Downsides? Well, there are a few. Depending on what applications you already use, the Scrapbook and Collage tools can seem rather primitive and a little clunky. Unless you’ve invested time, money and effort into learning other applications, though, you’ll still do fine by these tools. The text tools are another matter, however. I understand that the emphasis is placed upon developing your ideas, and not to recreate a fully-functional word processor, but the lack of certain functions like search/replace are a little frustrating if –for example– you decide to change a character’s name or a location. That being said, you can do a search within the application and replace text manually, or simply export the “report” to your word processor and just change the words there when you begin work on your first draft. The good news is that (according to a post in the forums) improving the text tools is high on the developer’s to-do list.

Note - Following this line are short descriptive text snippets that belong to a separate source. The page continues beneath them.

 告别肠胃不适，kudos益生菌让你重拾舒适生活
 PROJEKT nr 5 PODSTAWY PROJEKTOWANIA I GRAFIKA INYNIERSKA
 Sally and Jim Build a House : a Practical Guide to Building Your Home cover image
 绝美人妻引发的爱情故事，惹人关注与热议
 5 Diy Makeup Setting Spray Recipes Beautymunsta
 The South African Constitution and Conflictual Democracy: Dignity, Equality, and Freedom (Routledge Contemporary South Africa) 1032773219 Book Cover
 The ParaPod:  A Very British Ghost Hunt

My only other qualm, and it’s a fairly minor one, is that of aethetics. The cross-platform widgets set seems a little out of place on Mac OS X, and things lack a little of the Aqua “elegance” that many expect from most native applications. Likewise, the application icons seem rather primitive, not at all lickable or even anti-aliased. That being said, Writer’s Café looks quite natural on Windows, and only slightly awkward under Linux. These issues mean little when contrasted against the value of the software, though.

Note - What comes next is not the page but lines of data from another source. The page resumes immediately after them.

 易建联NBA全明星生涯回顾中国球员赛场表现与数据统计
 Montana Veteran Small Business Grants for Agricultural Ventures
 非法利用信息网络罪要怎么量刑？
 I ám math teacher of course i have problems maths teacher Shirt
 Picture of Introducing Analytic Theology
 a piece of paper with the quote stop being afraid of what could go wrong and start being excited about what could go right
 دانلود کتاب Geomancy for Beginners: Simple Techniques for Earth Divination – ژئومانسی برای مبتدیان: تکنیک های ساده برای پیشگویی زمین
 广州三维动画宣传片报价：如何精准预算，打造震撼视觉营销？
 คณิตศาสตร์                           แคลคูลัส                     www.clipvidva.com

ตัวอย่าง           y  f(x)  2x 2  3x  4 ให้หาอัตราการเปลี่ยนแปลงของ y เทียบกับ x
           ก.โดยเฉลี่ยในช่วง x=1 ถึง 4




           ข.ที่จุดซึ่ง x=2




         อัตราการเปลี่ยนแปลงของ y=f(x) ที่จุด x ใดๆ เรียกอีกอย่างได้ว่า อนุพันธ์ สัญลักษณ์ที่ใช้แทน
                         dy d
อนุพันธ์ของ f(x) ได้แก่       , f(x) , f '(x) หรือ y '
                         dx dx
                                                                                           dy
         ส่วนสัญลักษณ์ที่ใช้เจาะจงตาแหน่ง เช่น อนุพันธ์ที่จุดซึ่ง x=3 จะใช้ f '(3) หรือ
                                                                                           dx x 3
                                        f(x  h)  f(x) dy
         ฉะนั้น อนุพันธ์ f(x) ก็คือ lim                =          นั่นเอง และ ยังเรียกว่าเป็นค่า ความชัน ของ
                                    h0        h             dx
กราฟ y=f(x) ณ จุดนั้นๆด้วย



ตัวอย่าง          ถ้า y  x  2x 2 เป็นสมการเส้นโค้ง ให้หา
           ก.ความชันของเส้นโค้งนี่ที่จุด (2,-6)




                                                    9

While I probably won’t be giving up my cherished DEVONthink Pro or other professional tools very soon, I can certainly recommend Writer’s Cafe for those writers stuck in the mire of a story going nowhere, or for those trying to get along with only a regular word processor. Many professional writer’s tools –several of which are of inferior quality or hopelessly complex– cost several hundred dollars, so at $45 USD, Writer’s Café is a great deal. StoryLines itself is worth the cost of admission.